A Novel Classifier-Guided Ensemble Framework for Global Terrestrial Evapotranspiration Estimates
Abstract. Evapotranspiration (ET) is a key hydrological and meteorological variable, serving as the critical nexus between water and energy exchanges. However, accurate estimation of global ET remains a challenging task, as process-based ET algorithms are often inadequate to capture the nonlinear relationship among environmental factors, and the application of data-driven ET algorithms is hindered by sparse and uncertain ET observations. In this study, we developed a novel ensemble framework that integrates three existing ET models (process-based algorithm, machine learning-based ET model, and hybrid model), aiming to provide high-precision terrestrial ET estimates. The framework is guided by an additional classifier that can achieve dynamic per-pixel model selection, thus fully utilizing the spatiotemporal dynamics of each model's distinct advantages in mapping global ET and avoiding the typical underestimation of high values by ensemble methods. Comprehensive validation of the model was carried out using in-situ ET observations from the FLUXNET2015 dataset, catchment-scale water balance ET dataset, and six global-scale ET products, including comparisons to individual base models and another Attention-Based ensemble model. The quantitative comparisons across statistical metrics (RMSE, MAE, R2, KGE) indicate that our ensemble model outperforms other evaluated models, especially in extreme samples. Meanwhile, the introduction of classifier can not only significantly enhance the algorithmic robustness and generalizability, but also allow us to gain a basic understanding of the mechanisms behind model selection by interpretability analysis. The study demonstrated the effectiveness of the proposed framework in enhancing ET estimation robustness, thereby providing a valuable reference for the estimation of other similar variables.
Overall, I was very impressed with the written manuscript and the scientific rigor of the analysis. The introduction and methods clearly describe the complex ML, ensemble, and processed based ET estimates as well as training and validation analysis. The results showed high accuracy, and the figures were well developed and easily visualized. I have minor comments below:
Line 100: Precipitation was not used as an input covariate. Please provide an explanation for why this was not included.
Line 110: You do a great job outlining the models available with Autogluon. In line 110, you end the list with “etc.” – leading me to believe that there are even more algorithms available. In line 111, can you please list the specific ML algorithms you used?
Line 110: You say “Autogluon can combine them” – can you provide more specifics on this (perhaps just changing the phrasing) – did Autogluon combine them in your research OR autogluon can combine them – but you did not in your research. I think simply stating “Autogluon combined all the algorithms mentioned above” would suffice.

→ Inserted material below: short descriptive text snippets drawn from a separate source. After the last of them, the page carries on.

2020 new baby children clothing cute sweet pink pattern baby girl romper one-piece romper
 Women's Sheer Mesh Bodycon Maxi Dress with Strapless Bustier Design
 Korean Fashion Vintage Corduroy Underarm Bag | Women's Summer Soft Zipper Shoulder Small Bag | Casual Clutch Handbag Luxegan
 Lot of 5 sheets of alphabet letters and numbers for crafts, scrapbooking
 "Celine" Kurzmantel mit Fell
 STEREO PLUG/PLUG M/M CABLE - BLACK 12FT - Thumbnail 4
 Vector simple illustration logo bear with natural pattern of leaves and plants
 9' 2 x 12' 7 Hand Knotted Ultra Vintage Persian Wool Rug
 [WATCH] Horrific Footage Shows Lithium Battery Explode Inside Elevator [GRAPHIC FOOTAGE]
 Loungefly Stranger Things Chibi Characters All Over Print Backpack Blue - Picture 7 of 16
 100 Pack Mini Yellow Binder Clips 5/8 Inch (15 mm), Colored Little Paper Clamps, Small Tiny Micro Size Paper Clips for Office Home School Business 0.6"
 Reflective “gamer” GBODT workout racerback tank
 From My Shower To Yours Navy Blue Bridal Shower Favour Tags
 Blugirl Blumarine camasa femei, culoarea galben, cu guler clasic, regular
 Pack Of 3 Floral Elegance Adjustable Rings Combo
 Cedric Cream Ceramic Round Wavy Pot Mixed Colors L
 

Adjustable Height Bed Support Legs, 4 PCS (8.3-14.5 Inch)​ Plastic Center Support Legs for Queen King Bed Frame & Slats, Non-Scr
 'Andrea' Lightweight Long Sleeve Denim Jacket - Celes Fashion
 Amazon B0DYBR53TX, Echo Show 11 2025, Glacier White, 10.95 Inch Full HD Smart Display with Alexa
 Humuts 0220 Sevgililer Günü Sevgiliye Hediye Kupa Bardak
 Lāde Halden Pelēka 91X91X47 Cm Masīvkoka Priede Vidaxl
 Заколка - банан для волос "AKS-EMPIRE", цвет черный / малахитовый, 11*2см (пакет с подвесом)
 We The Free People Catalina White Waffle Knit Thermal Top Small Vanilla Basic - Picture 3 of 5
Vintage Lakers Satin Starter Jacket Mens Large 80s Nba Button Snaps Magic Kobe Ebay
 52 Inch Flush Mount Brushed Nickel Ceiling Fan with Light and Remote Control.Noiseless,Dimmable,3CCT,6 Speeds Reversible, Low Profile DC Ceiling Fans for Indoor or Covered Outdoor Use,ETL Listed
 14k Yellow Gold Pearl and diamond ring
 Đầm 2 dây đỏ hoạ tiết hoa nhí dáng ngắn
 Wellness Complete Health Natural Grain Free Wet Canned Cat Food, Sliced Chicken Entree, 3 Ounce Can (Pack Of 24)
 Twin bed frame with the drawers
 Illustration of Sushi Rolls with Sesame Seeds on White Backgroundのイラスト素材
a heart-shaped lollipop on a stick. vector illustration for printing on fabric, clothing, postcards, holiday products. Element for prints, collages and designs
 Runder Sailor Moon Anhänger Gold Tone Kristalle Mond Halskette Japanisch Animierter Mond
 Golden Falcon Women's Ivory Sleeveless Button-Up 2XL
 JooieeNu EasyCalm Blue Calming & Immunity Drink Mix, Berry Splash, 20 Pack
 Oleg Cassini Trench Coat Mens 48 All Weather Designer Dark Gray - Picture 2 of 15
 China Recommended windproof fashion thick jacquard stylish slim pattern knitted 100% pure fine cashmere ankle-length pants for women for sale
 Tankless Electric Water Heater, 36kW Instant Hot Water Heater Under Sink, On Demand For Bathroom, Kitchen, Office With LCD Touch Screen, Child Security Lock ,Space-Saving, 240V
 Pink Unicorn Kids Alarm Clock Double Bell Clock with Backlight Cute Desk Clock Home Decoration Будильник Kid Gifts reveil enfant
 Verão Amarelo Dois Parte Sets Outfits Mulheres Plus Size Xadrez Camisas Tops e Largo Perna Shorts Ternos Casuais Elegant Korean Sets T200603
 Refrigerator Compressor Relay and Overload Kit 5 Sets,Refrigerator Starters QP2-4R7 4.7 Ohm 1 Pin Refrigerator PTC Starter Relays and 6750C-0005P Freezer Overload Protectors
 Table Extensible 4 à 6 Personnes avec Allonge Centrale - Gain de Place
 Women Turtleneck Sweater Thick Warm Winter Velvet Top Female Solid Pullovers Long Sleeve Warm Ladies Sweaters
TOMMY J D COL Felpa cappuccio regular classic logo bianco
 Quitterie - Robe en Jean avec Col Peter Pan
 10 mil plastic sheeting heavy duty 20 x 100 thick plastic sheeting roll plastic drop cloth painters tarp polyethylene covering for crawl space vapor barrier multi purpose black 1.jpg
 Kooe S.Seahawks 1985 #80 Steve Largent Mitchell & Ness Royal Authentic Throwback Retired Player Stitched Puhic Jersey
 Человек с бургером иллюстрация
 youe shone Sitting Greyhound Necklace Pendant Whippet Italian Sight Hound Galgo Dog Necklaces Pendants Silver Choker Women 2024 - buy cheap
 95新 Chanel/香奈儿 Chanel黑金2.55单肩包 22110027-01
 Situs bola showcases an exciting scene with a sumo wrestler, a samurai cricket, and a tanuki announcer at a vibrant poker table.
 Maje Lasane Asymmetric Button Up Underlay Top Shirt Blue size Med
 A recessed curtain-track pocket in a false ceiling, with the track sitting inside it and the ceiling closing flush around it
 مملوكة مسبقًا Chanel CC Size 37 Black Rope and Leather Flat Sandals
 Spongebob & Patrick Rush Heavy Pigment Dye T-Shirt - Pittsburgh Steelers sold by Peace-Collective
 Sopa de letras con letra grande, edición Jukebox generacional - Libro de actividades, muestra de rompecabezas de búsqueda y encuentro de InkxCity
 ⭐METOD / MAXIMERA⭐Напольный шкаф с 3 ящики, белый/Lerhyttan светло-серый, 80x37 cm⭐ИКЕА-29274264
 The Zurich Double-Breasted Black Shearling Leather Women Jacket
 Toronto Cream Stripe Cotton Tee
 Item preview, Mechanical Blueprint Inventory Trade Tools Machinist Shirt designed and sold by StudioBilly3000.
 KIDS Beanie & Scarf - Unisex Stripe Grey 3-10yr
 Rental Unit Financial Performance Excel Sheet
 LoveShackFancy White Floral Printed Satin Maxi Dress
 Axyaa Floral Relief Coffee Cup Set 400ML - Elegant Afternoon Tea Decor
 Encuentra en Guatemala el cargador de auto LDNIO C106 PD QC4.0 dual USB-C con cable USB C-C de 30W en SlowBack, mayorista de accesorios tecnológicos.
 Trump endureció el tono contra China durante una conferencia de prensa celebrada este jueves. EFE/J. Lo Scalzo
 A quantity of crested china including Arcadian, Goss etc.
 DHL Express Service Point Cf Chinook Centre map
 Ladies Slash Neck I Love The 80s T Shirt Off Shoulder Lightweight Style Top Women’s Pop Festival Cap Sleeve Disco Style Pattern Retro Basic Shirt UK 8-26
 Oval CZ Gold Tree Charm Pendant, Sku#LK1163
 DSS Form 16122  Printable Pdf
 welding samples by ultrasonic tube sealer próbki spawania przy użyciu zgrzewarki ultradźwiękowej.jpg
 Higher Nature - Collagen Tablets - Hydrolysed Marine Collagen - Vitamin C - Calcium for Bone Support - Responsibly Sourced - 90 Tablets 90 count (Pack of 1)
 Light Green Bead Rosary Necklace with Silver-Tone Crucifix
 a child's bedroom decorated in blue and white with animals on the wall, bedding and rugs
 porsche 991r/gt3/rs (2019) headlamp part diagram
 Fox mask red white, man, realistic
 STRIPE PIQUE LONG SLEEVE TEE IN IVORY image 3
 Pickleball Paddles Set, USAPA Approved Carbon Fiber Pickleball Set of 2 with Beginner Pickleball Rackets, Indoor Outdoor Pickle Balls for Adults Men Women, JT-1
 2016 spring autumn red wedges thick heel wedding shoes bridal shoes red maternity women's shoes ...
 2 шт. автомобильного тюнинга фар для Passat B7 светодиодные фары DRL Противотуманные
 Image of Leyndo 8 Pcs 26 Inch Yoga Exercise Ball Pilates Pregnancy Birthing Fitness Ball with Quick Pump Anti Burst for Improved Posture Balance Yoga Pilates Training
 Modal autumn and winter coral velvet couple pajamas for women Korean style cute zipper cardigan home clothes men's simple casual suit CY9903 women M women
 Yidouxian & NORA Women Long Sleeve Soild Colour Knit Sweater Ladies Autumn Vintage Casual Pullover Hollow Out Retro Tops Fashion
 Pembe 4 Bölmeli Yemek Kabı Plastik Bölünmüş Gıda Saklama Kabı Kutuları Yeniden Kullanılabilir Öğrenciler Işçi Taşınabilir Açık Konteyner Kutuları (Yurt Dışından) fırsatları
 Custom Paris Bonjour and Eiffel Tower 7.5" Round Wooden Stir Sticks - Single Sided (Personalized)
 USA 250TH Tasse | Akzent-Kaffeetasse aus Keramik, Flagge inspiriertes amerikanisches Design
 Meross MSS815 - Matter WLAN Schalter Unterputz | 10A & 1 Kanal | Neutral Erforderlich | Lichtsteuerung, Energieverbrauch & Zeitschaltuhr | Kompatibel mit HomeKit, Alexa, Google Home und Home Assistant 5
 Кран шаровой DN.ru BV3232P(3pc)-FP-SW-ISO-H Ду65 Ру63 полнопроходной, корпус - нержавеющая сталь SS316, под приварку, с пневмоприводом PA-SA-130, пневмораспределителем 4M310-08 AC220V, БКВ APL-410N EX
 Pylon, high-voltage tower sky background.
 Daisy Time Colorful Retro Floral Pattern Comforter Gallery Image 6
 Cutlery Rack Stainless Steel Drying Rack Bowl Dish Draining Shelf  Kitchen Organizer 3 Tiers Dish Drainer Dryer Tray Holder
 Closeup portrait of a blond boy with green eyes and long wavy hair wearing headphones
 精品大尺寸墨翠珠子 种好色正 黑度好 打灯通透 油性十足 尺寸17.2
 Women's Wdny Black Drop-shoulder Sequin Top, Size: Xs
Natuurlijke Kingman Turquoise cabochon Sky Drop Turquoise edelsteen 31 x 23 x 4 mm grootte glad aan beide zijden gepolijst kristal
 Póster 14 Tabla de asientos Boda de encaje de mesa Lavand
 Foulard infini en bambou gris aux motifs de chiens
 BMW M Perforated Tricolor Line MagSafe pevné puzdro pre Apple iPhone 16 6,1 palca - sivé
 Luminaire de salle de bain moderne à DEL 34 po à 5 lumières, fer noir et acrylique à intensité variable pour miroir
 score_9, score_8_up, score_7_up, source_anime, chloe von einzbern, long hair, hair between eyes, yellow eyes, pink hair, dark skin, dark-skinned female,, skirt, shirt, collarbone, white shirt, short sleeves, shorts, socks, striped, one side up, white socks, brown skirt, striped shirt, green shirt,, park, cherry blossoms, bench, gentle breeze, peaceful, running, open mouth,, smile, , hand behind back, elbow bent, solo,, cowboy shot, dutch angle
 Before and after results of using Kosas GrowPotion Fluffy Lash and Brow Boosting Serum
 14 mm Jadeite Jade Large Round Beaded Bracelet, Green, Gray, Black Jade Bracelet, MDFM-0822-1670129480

Figure 1: This is a great workflow figure – and helps visualize the process.
Line 164: You say you used 6 well known ET products – can you please cite them after the sentence in line 164? Or perhaps say “refer to section 3.3”
Figure 5: Can you include the sites and land cover types of the three lowest RMSE in Line 350 paragraph. It would provide additional detail than “the majority of land covers”. I think even reference table 3 in the paragraph of Line 350 would be helpful.
Table 2: This seems repetitive and unnecessary. It is unclear how it is different than Figure 4.
The overall importance of the paper is not clear. Are the global ET estimates available for public use – if so, is a link available to the dataset and what is the spatial and temporal resolution? If the estimates are available – I recommend making it clear and provide specific details and explanations about the use of the data.
On the other hand, is the paper simply a methodologic paper meant to explain a novel method for estimating global ET –although you explain the research, it would be hard for another researcher to reproduce for local or global ET estimates. If so, I recommend making it clear that the data are meant to remain proprietary, but the manuscript simply provides novel methodology.